Взволнованный, я прочитал письмо дважды… Итак – тайна раскрылась. Но дело все равно надо доводить до конца. Не разыскан труп. Надо допросить врачей. Нужно ехать в город…

Частнопрактикующий врач Лейбович показал, что Никодимов действительно обращался к нему незадолго до самоубийства.

Врач собственноручно написал в протоколе допроса:

«Утверждать, что язва была безусловно люэтического характера, я не берусь, не будучи венерологом. Во всяком случае, требовалась длительная проверка и исследование крови, но больной был в отчаянии и утверждал, что у него наследственный сифилис. Успокоить его я не смог, и он ушел в возбужденном состоянии, а больше на приемах не появлялся».
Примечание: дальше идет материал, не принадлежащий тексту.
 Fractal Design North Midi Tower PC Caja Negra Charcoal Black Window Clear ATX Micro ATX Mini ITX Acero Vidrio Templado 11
Государственная больница выдала справку:

«Никодимов А. И. обращался в больницу в венерологический кабинет по поводу подозрения на сифилис. Имелась язва в правом паху. Данные анамнеза: наследственный люэс. Направлен на РВ, но в лабораторию не явился и в больницу больше не приходил».

Врач-венеролог заявил:

«Помню, помню… у него была огромная и странная язва в паховой области. Сильно запущенная. Диагностировать сифилис я, конечно, без реакции Вассермана не мог. Но больной исчез из поля зрения, а взять его на учет без твердой уверенности в люэсе больница не имела права».

Я спросил:

– Так вы не уверены в сифилисе?

– Видите ли, на определенных этапах развития этой болезни внешние проявления ее иногда носят несколько неожиданный характер…

– Простите, доктор: мне просто нужно знать – был у этого вашего пациента сифилис или что-либо другое?

Врач обиделся.

– Странные вы люди, товарищи юристы! Всегда у вас какая-то категоричность! Ну, а если я вас спрошу: можно ли по наружному виду трупа человека, умершего от яда, сразу определить, что здесь – убийство или самоубийство?

– Нет, разумеется…

– Ну, слава богу' Так чего же вы от меня требуете? Вспоминаю еще, что у этого больного была подозрительная краснота на спине и в полости горла. И вообще какой-то очень неопрятный человек! Воняло от него потом, керосином, еще чем-то!.. Очень, очень неопрятный товарищ!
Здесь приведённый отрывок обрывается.